With the economy in the dumps and government coffers in the red, Community Youth Sports and Arts Foundation is again in a pinch. After taking in more than $500,000 in 1991, Alphonse doubts that his funding will exceed $325,000 this year. He estimates that he is at least $50,000 in debt and, after learning last month that his building is up for sale, fears that he will lose his lease.

He received a temporary reprieve this week when the Amateur Athletic Foundation donated $24,500 to fund a boxing program in a gym behind Alphonse’s alternative high school. But last week, when the County Board of Supervisors awarded a hefty $2.9 million to another gang-prevention program--the fledgling Hope in Youth campaign being spearheaded by Cardinal Roger M. Mahony--Alphonse was irate.

“We’ve been begging for funds and they tell us there’s no funds,” said Alphonse, who recently received $75,000 from the discretionary accounts of Supervisors Kenneth Hahn and Deane Dana. “How the hell did they come up and find $2.9 million for a program with no proven track record? What a joke.”

Alphonse offers a wide range of services to the young men and women who are referred to his program by schools, churches, probation officers and other community organizations.

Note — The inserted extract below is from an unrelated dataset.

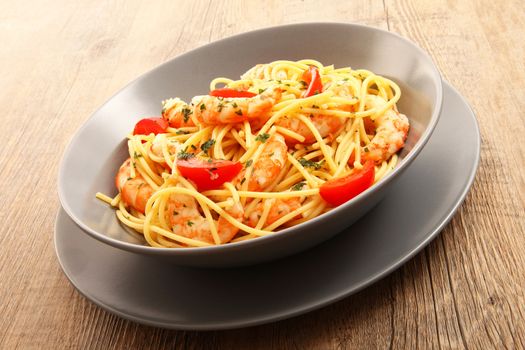 italian spaghetti with prawns and tomato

Besides the high school and gym, he provides psychological counseling, parenting classes, a small group home, job referrals and access to the many prominent athletes and entertainers who visit his office.

Of the 500 students enrolled last year at Community Youth Sports and Arts Foundation, Alphonse says, 75 are in college, 250 have returned to family settings and 100 are still involved in the program.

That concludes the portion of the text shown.